> **DATA SECTION**:
□ □ □ □ □

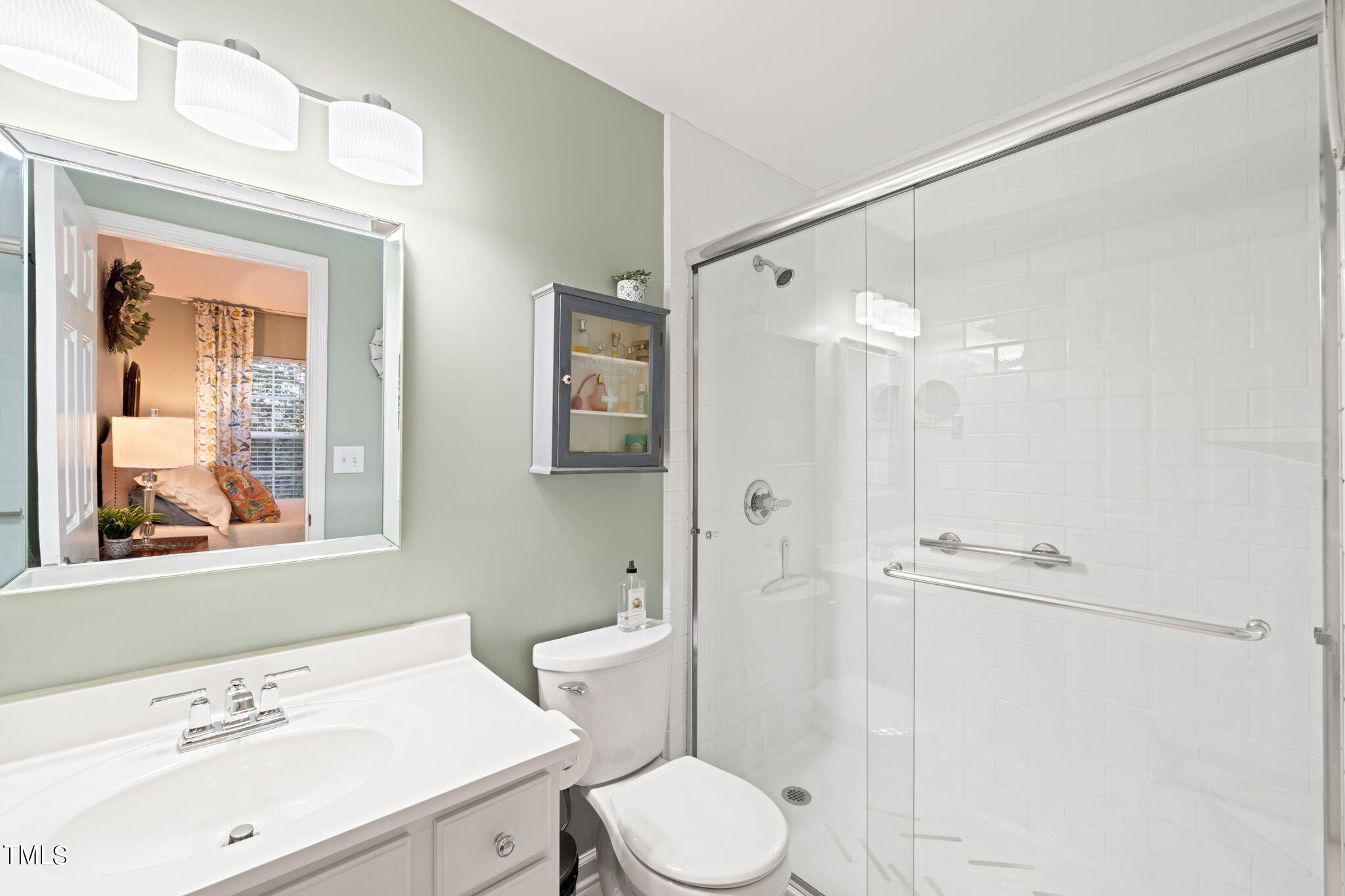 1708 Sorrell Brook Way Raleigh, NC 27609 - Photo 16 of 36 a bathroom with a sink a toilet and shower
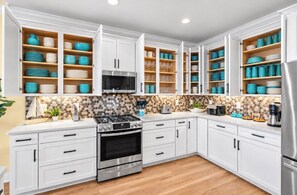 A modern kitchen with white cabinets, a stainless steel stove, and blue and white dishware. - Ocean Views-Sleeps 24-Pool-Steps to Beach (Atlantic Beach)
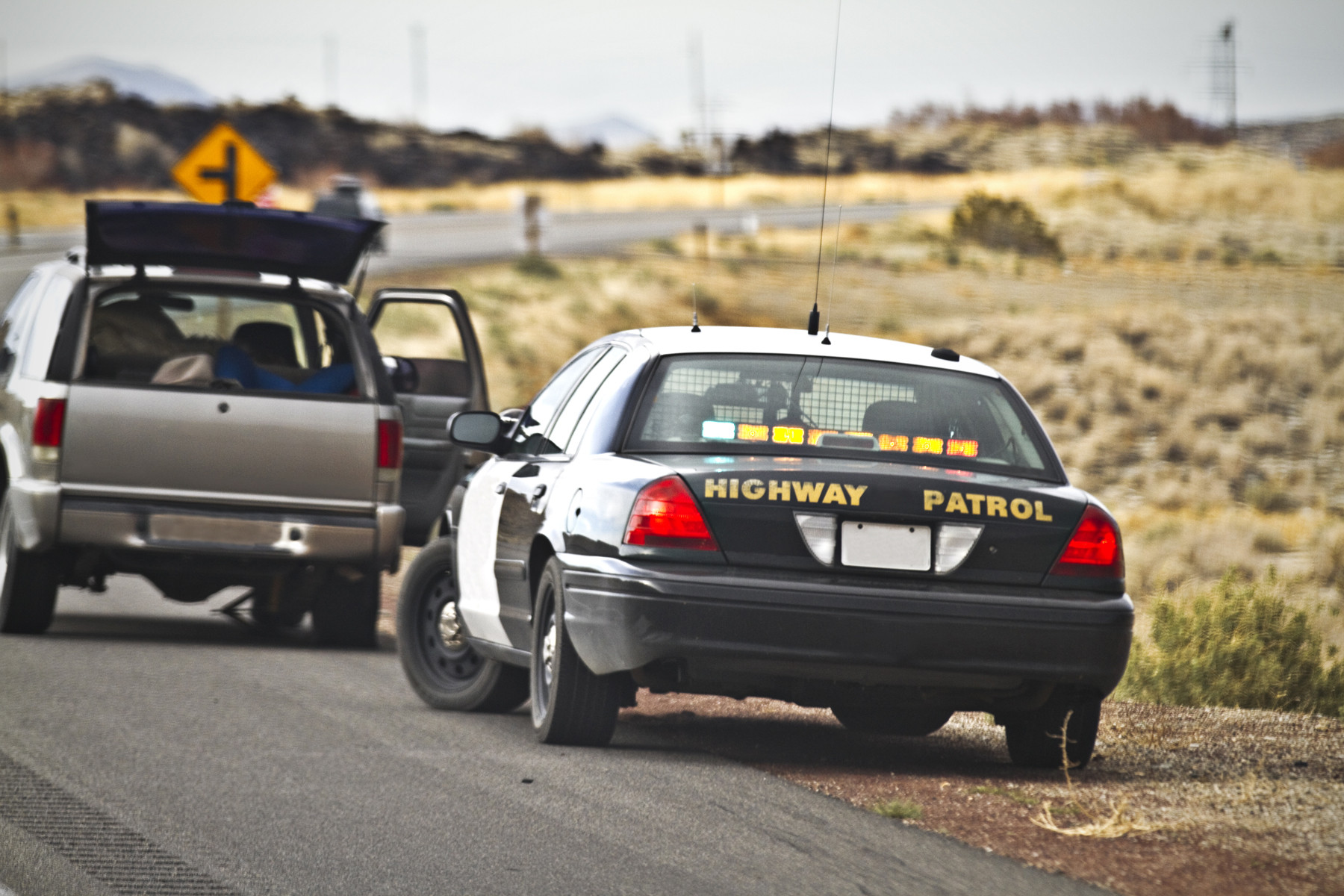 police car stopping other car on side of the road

□ □ □ □ □

> **INSTRUCTIONS TO FOLLOW**:
Exactly the lines from the one that contains "A modern kitchen" to the last line of the data, both included, should be set down, and no pictures should appear among them.

> **TASK RESULT**:
 A modern kitchen with white cabinets, a stainless steel stove, and blue and white dishware. - Ocean Views-Sleeps 24-Pool-Steps to Beach (Atlantic Beach)
 police car stopping other car on side of the road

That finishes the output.